Rational design of memory in eukaryotic cells

Abstract

The ability to logically engineer novel cellular functions promises a deeper understanding of biological systems. Here we demonstrate the rational design of cellular memory in yeast that employs autoregulatory transcriptional positive feedback. We built a set of transcriptional activators and quantitatively characterized their effects on gene expression in living cells. Modeling in conjunction with the quantitative characterization of the activator-promoter pairs accurately predicts the behavior of the memory network. This study demonstrates the power of taking advantage of components with measured quantitative parameters to specify eukaryotic regulatory networks with desired properties.

Figure 1.

Synthetic transcriptional activators in yeast. (A) Schematic diagram of an activator cascade composed of an activator gene and a reporter gene. (B) DIC and fluorescence images of live cells containing the ZifH activator cascade in the absence (−galactose) and presence (+galactose) of the inducer or only the ZifH reporter gene in the presence of the inducer. (C) Dot plots of YFP versus RFP fluorescence intensity for single cells grown as in B.

Figure 2.

Steady-state and dynamic behavior of activation cascades. The mean steady-state reporter versus activator concentrations for the ZifH (A) and LexA (B) activator–reporter strains. The solid lines show best fits to the data. Only s and β could be robustly determined in B. (C) Time-lapsed RFP and YFP fluorescence images of cells containing the ZifH activation cascade 0, 75, and 150 min after induction. (D) Rate of change of reporter concentration as a function of activator concentration for individual cells (red, blue, green, and light-blue lines).

Figure 3.

A memory device in yeast. (A) Schematic diagram of the sensor and autofeedback genes of the memory device. (B) The predicted rate of change in the autofeedback activator concentration as a function of the total activator concentration for the LexA memory device. The decay rate (orange line) was calculated using Equation 2 and τ = 240 min, while the production rate (black line) was calculated using Equation 1; the values of s, n, and K for the LexA activator–promoter pair (Table 1, bold); and the estimated value of β for the LexA autofeedback activator.

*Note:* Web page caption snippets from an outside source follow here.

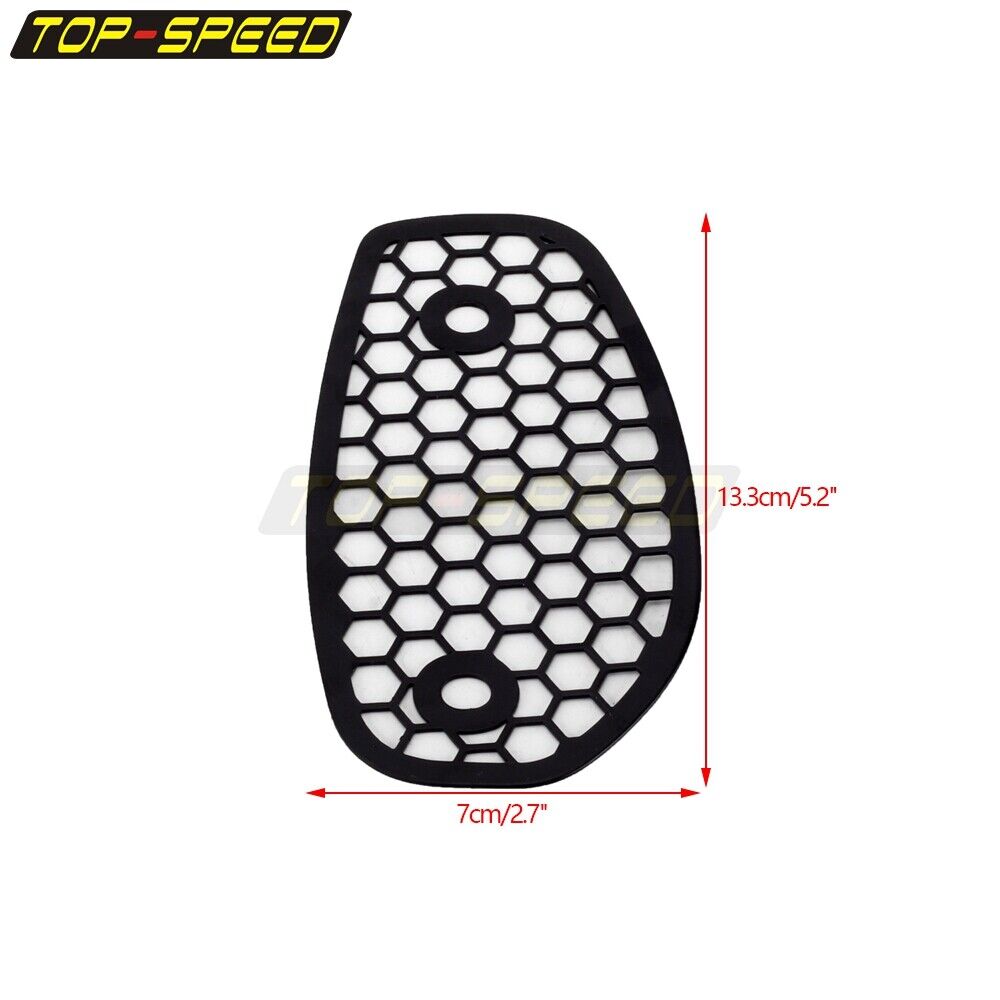Exhaust Pipe Muffler End Cap For Harley PAN AMERICA 1250 S PA1250 2021-2022 - Fresh Stock Dated February 2026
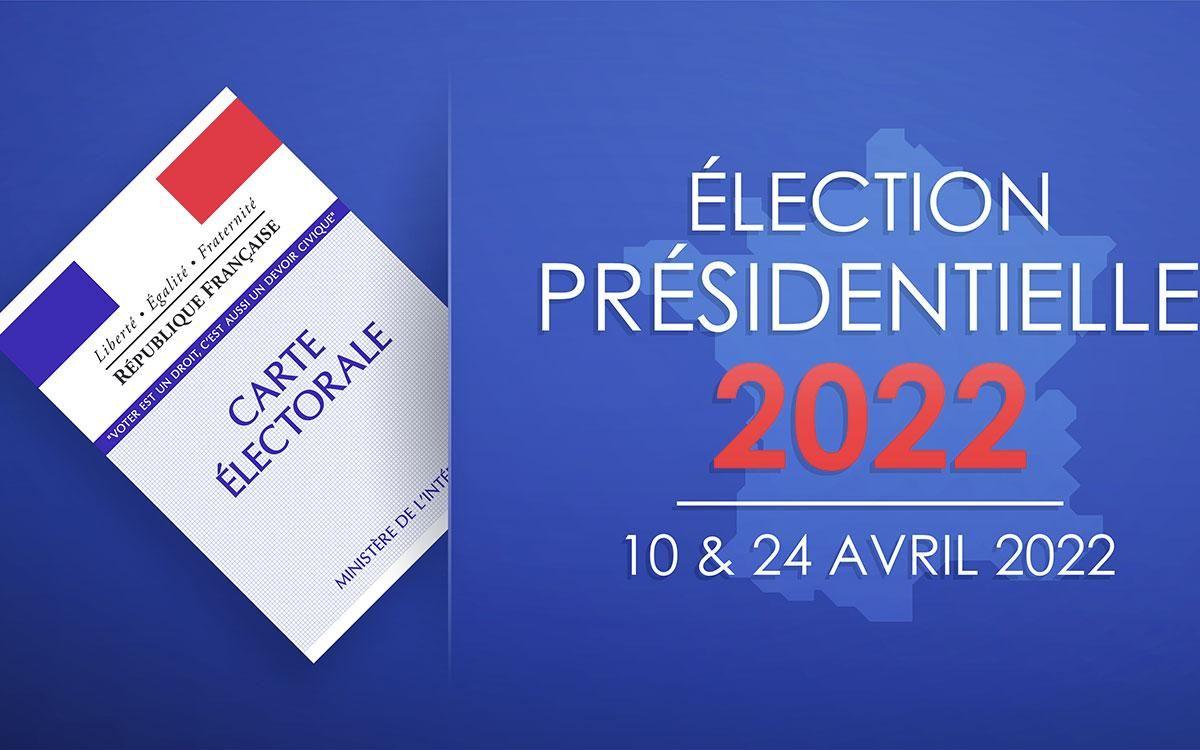 218 931 électeurs calédoniens sont appelés aux urnes aujourd'hui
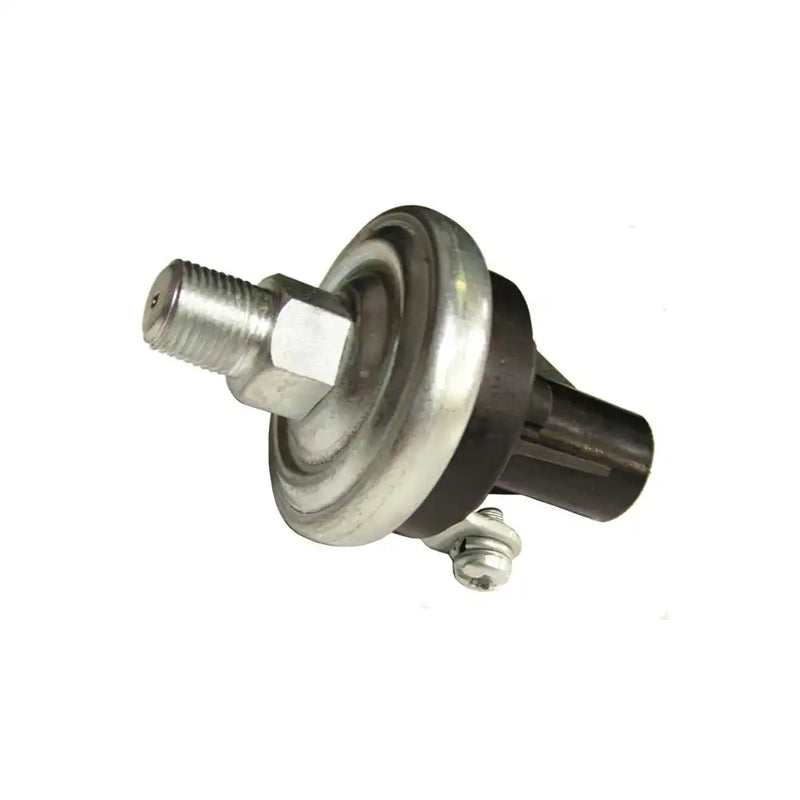Cargue la imagen en el visor de la galería, 4 PSI 1/8-27NPT Adjustable Pressure Switch 765754 for Hobbs Honeywell Normally Open from MyMROmarts
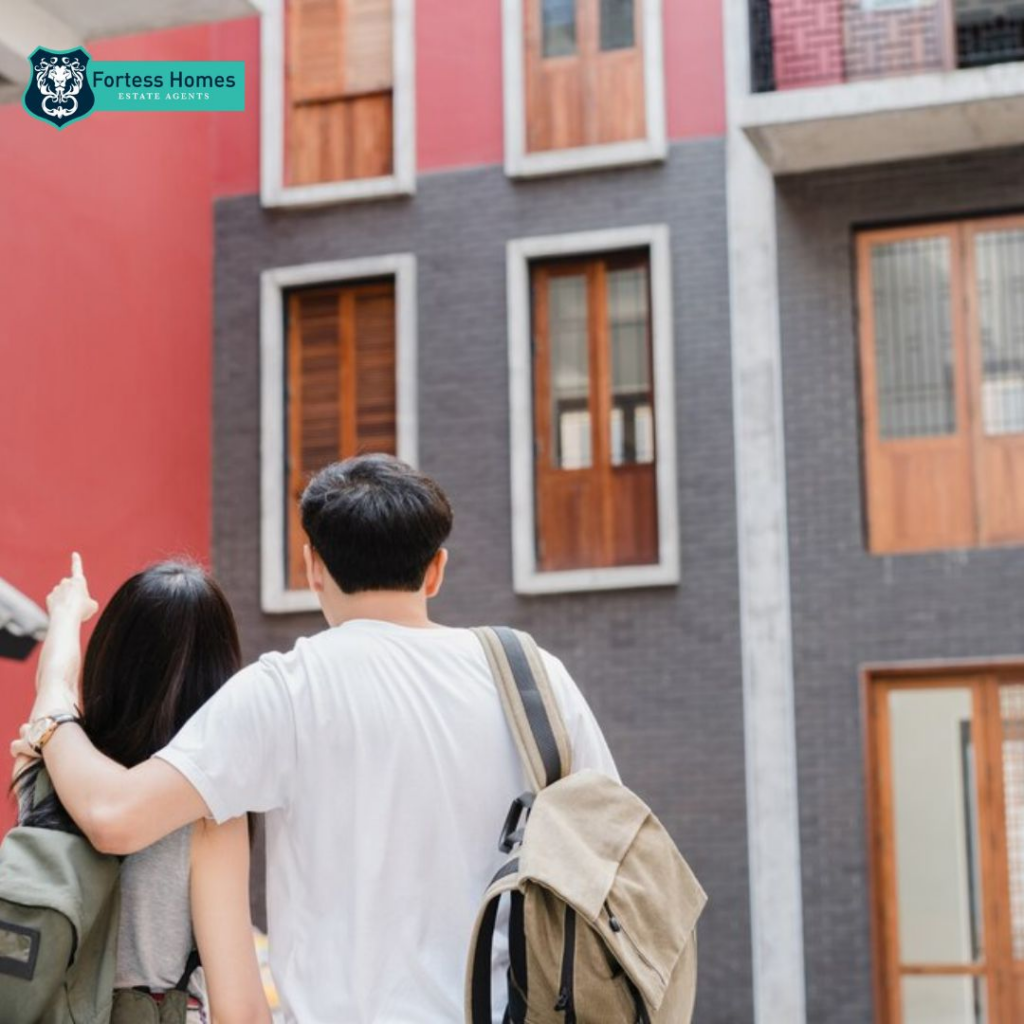 Heating Problems Bloomsbury: Residents in Freezing Homes image 0ff4adf3 cdc8 4930 8627 146ae37fbc85.png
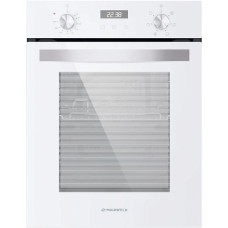 Духовой шкаф MAUNFELD EOEM.516W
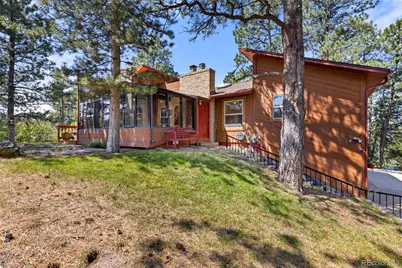 9434 McShane Court, Parker, CO 80134 - Photo 6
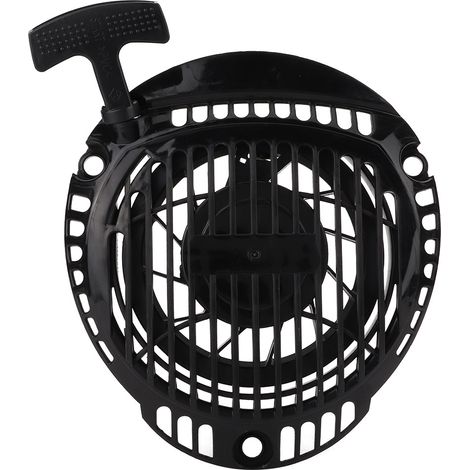 Accessori per il motorino di avviamento del tosaerba adatti ai modelli Kohler XT650 XT675 XT775 XT800 (1/5)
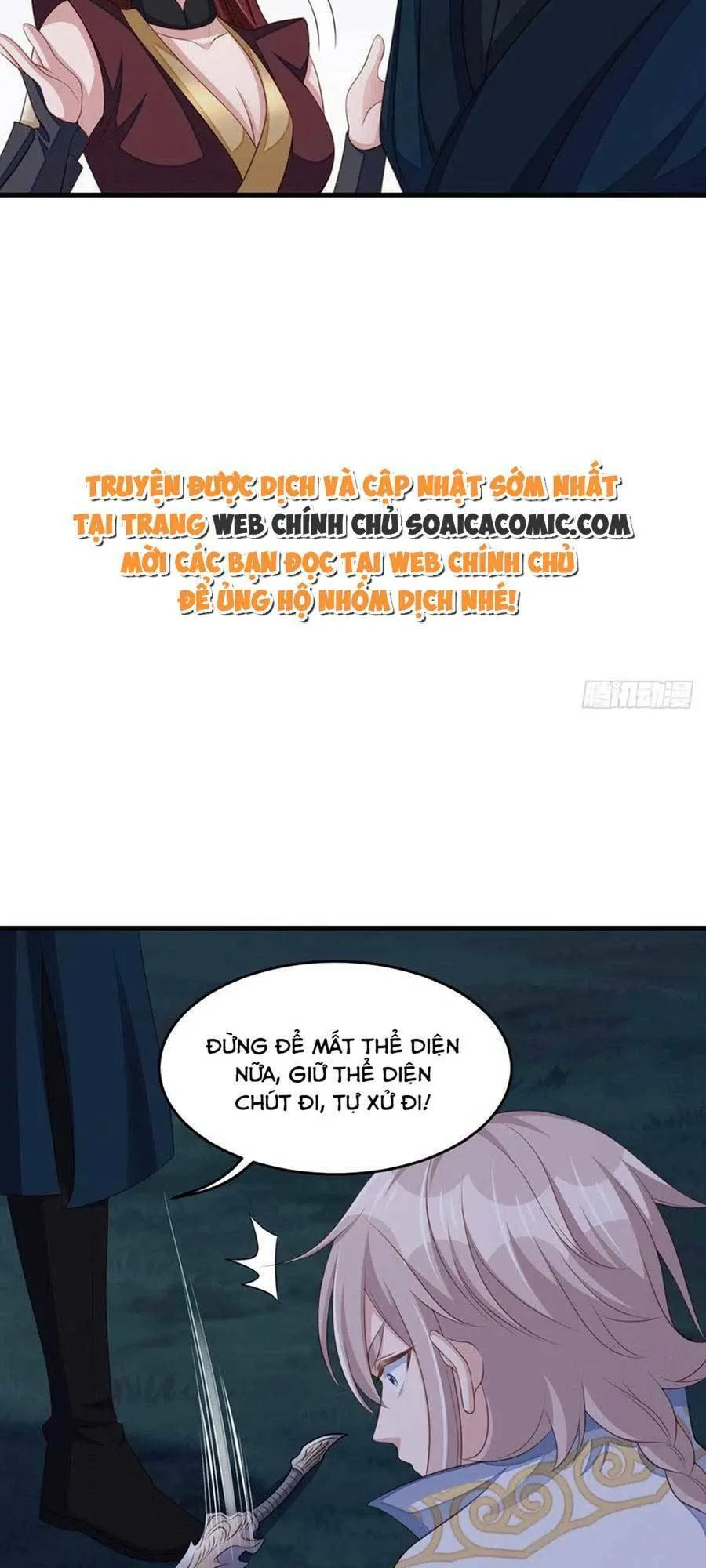 Trang 37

The high stable state (memory) and the unstable steady state (switch) of the autofeedback loop are indicated. (C) DIC and fluorescence images of live cells harboring the LexA memory device growing in the absence of stimulus (raffinose), in the presence of stimulus (galactose), and in the absence of stimulus after transient induction (raffinose after galactose). (D) The frequency distribution of RFP and YFP fluorescence intensities from single cells as in C.

Figure 4.

Regulating bistability of the memory device. (A) The calculated rate of change of the autofeedback activator concentration versus the total activator concentration for the LexA memory device. Two decay rates, calculated using Equation 2 with τ = 90 min (blue line) and 120 min (orange line), predict the effect of decreasing the growth rate on bistability of the autofeedback loop. The production rate versus activator concentration (black line) is as in Figure 3B. (B) DIC and fluorescence images of cells carrying the LexA memory device that were grown in inducer, then to steady state in glucose with a doubling time of 90 or 120 min. (C) The predicted rate of change of autofeedback activator concentration as a function of the total activator concentration for the LexA memory device and the dual autofeedback memory device. The production rates were calculated using Equation 1, the values of n and K for the LexA activator–reporter strain, and either β (black line) or 2*β (orange line) for the LexA autofeedback activator corresponding to one and two copies of the autofeedback gene, respectively. The decay rate (blue line) corresponds to a doubling time of 90 min. (D) The frequency distribution of RFP and YFP intensities from the LexA memory device strain with one and two copies of the autofeedback gene grown in glucose after induction.